Are you watching too much T.V but not doing enough reading? Turn your subtitles on. Boom, problem solved!
OBITUARY WRITER: so how would u describe urself
ME: oh, very literaly. i guess u could say im… [lowering sunglases] lowering sunglases
If God wanted us to be vegetarians, he would have made broccoli more fun to shoot at.
God, I hate Apple. I updated my iPhone software and now I’m missing a bunch of photos, 30 bucks from my dresser and my favorite pants.
When I experience symptoms of dehydration, I quickly eat some slabs of cream cheese to rule out if I’m just thirsty for cheese.
God, I love Scotland
*Job Position: Astrologer*
Interviewer: Tell me about myself
My kids are teenagers, and I’ve found the same thing fixes their bad moods as when they were toddlers: a snack and a nap.
Windows 11? Bro, I’m rocking 95. Call me when you catch up
Treat her like a princess & she’ll love you forever.
Unless she’s an actual princess. Then she’ll just think “I’m being treated normally.”
11-year-old: *practicing her saxophone at home* How was that?
Me: Great!
11: Want to hear it again?
Me: I can only take so much greatness in one day.
Really had myself thinking I was doing ok financially until I went shopping for a couch.

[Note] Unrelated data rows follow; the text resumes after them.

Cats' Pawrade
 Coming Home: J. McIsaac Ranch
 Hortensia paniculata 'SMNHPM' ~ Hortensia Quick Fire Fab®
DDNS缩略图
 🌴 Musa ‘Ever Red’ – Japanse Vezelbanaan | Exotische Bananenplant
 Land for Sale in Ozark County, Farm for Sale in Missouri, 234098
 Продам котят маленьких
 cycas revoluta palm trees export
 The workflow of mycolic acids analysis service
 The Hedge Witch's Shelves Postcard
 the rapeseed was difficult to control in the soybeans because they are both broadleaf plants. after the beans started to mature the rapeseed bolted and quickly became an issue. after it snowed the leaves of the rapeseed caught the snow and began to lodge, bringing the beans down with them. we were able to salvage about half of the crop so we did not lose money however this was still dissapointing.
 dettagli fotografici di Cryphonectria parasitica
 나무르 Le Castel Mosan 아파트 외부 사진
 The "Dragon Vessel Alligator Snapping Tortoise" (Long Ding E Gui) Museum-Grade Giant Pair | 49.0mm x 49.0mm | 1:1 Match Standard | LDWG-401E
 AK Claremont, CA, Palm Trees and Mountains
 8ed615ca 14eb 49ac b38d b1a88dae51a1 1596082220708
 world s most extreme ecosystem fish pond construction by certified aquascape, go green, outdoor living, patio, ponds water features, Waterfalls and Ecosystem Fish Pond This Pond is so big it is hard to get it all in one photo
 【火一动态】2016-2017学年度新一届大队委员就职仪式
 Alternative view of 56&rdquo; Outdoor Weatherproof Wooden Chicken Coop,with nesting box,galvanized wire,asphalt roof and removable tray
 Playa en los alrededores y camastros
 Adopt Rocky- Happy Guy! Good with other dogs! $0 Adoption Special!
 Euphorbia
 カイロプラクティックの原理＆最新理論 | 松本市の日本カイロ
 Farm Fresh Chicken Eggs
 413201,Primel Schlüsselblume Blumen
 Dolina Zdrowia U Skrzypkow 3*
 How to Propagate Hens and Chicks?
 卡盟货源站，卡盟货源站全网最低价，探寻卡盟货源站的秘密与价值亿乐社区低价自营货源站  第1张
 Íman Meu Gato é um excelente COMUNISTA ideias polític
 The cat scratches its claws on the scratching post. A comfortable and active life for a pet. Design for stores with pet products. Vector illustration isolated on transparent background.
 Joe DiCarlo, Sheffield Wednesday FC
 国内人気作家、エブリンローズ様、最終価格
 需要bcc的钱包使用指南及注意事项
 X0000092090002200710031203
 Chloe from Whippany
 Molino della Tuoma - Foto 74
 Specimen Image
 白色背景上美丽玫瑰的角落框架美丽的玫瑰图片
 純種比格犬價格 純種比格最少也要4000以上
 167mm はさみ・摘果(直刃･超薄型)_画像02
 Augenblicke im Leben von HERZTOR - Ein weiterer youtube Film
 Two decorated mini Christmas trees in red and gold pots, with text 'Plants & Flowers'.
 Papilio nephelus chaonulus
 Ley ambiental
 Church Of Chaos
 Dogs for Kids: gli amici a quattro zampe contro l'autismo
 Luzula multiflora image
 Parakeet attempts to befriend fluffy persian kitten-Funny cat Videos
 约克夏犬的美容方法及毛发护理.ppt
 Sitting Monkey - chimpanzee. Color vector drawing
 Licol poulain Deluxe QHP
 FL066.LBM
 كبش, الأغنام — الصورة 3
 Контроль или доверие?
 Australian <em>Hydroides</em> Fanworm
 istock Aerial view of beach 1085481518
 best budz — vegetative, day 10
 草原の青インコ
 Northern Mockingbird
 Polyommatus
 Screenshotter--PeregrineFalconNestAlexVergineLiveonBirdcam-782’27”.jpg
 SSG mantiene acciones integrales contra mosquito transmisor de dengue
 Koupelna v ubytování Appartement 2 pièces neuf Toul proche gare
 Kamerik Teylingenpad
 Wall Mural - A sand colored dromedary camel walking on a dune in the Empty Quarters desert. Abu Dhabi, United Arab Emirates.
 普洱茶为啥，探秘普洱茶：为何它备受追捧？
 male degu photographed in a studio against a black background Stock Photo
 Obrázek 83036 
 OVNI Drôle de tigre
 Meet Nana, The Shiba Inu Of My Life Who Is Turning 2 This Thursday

Me: I need to get my shit together
My shit: not today, girl, not today
6yo: what do old people eat?
me: when I’m old I’m going to eat children.
6yo: you’re joking, mom. you’re already old.
three old people next to me at this coffee shop hanging out and catching up. one of them says “your daughter is doing well? has her ducks all in a row?” and the other says “welllll there’s a few geese in there” and all three of them laughed until they cried. gasping for air.
At least the first 6 months of January is almost over.
Do guys with big trucks realize the only big trucks women find sexually attractive are food trucks?
When a cop gives you a ticket for speeding he won’t be impressed when you tell him “I do this all the time.”
I know this now.
*National Spelling Bee Final
– Spell cyclops.
– Use in a sentence.
– Cyclops have one eye.
*winks at audience
– C-E-Y-E-C-L-O-P-S.
my mothers motherly urge to make sure you are eating no matter how full you are
and then suggest you lose weight
This guy at my work is giving his wife a gym membership for Christmas.
His name was John.
Due to the Corona Virus safety guidelines, hairdressers are now required to keep smalltalk to a minimum.
Introverts: Praise Jesus!
Look, mom, we can keep arguing about whether or not 28 is too old to live your parents but it’s not gonna help us find my iguana any faster.
I’m so glad my great aunt handed down the beautiful, vintage art deco water glasses that I love because my husband has discovered they are perfect for catching spiders.
On a scale of 1 – 10 where 10 is being up on technology and 1 is washing clothes by beating them on a rock, I’m about a 5.
I was born a woman, which came as a tremendous shock to my parents as they’d been expecting a baby.